- [Task description] Every line in the records below between the one holding "5 Sorprendentes Beneficios" and the one holding "Grigoriou Veggie Burgers 4 Pieces 460 g", inclusive, is to be set down exactly; all other lines are to be left out.

- [Data section]
● ● ● ● ●
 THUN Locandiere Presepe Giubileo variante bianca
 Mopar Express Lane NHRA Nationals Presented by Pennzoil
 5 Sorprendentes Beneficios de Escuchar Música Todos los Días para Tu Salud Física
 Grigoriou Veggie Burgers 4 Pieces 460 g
● ● ● ● ●
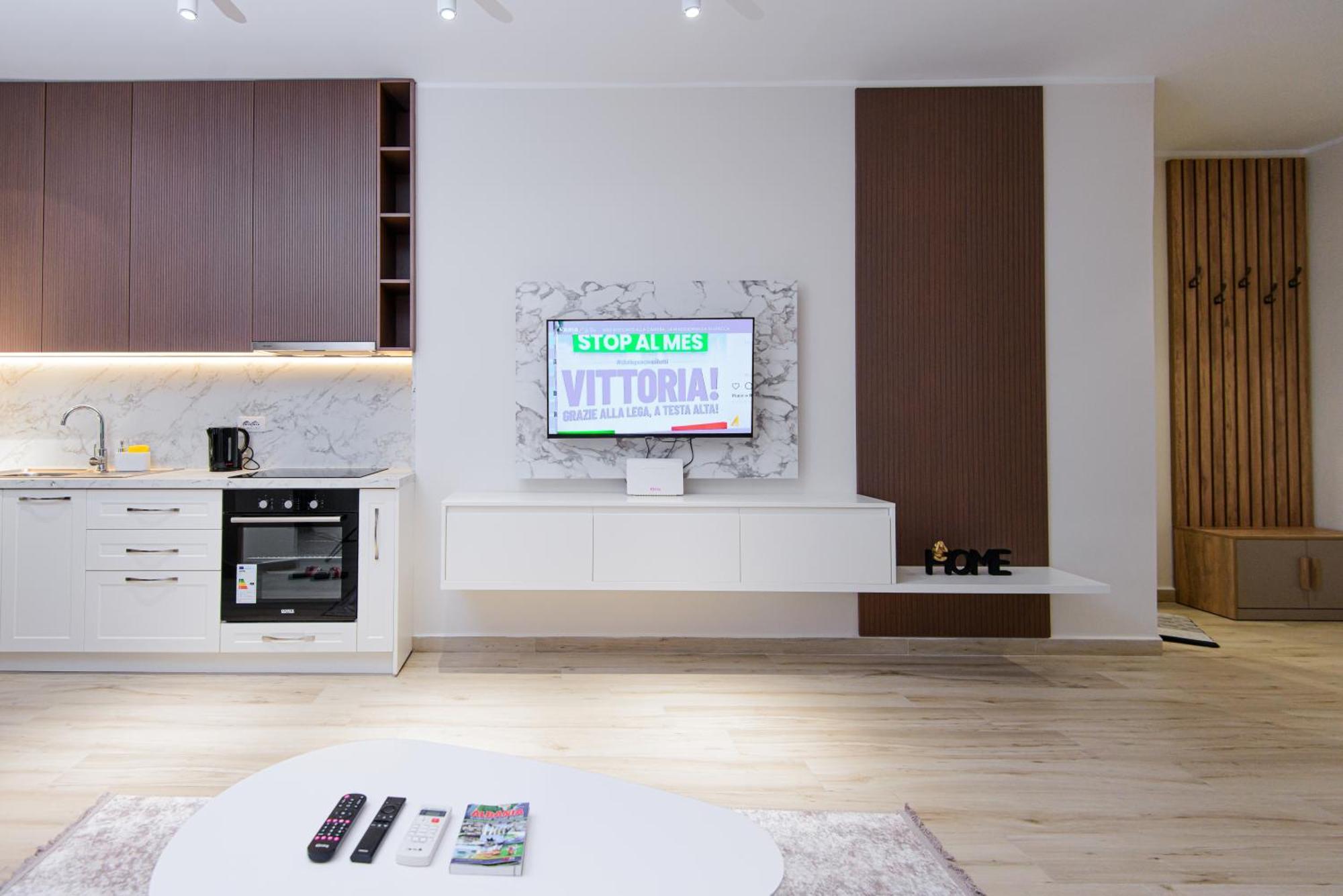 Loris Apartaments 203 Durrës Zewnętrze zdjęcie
● ● ● ● ●
- [Final answer]
 5 Sorprendentes Beneficios de Escuchar Música Todos los Días para Tu Salud Física
 Grigoriou Veggie Burgers 4 Pieces 460 g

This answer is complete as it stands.